Joyeusement délirant, Mondo domino est néanmoins tout sauf un film idiot. Les bonnes idées fourmillent et touchent juste. À commencer par celle, géniale et décapante, de l’étincelle qui serait une maladresse écologique, une simple broutille, et où, au final, la catastrophe ait comme point de départ un défilé de mode… Ensuite tout repose sur la mécanique des enchaînements. Vertige de plans où tout et tous, flics et pilleurs, dans des effets de zooms arrière, se confondent et où ces mêmes effets en forme de poupées russes permettent de suggérer la spécularité des regards, de pointer la médiatisation de la catastrophe. 

On n’a encore rien dit de la fin. Or c’est là le clou du spectacle… Mondo domino est un film à chute. En cela, il renoue avec une certaine idée circassienne et burlesque du cinéma. Le film à chute, c’est un cinéma qui eut ses heures de gloire (l’écurie Sennett, les films des premiers temps) et sa belle époque (les courts métrages français des années 1980-90). Les films à chute, un peu comme des blagues, sont souvent meilleurs quand ils sont courts et surtout lorsque, par leur détour inattendu, ils dépassent, transcendent justement l’exercice de la petite blague.
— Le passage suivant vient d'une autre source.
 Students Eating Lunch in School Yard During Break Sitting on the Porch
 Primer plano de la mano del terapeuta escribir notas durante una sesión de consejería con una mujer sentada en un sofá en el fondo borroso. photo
On renverra ici à l’article écrit par Jacques Kermabon au sujet d’un grand classique du film à chute, Omnibus de Sam Karmann, à travers lequel l’ex-rédacteur en chef de Bref rappelle que le comique “est d’abord affaire de rythme et de mécanique, tout un art de savoir ménager crescendos et effets de surprise”. Cette mécanique se révèle ici parfaitement bien huilée et ce, jusqu’au dernier des dominos. Mambo !

Donald James

Réalisation et montage : Suki. Scénario : Stéphane Debureau et Suki. Animation : Gabriel Jacquel et Suki. Son : Jean-Philippe Gréau et Suki. Musique originale : Jean-Philippe Gréau. Production : Utopi, Arte France et Pictanovo.